Copy out the listing below exactly, please, and skip any pictures.

Data segment -
>>>>
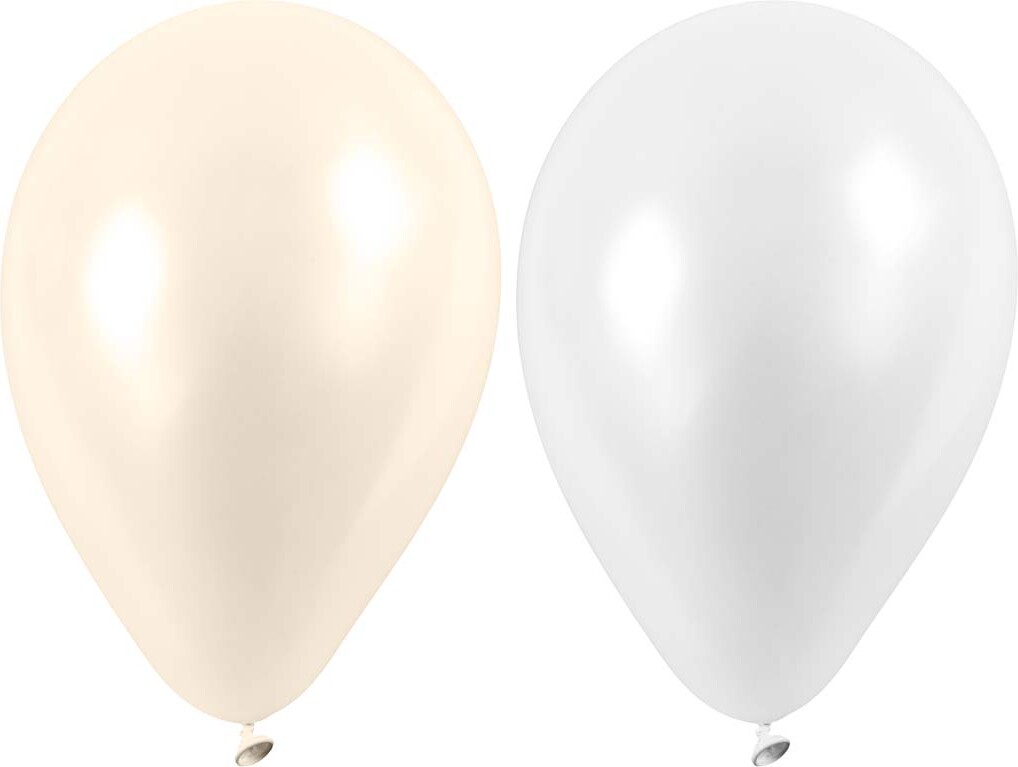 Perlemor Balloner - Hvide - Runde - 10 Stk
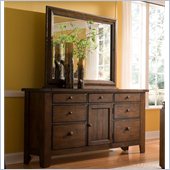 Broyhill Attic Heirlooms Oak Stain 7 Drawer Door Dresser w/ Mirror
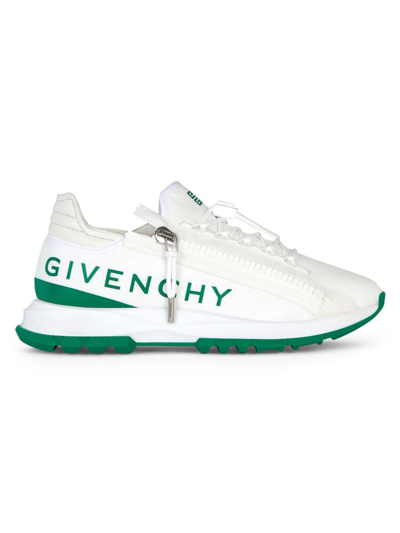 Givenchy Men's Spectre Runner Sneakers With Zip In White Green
<<<<
Answer -
 Perlemor Balloner - Hvide - Runde - 10 Stk
 Broyhill Attic Heirlooms Oak Stain 7 Drawer Door Dresser w/ Mirror
 Givenchy Men's Spectre Runner Sneakers With Zip In White Green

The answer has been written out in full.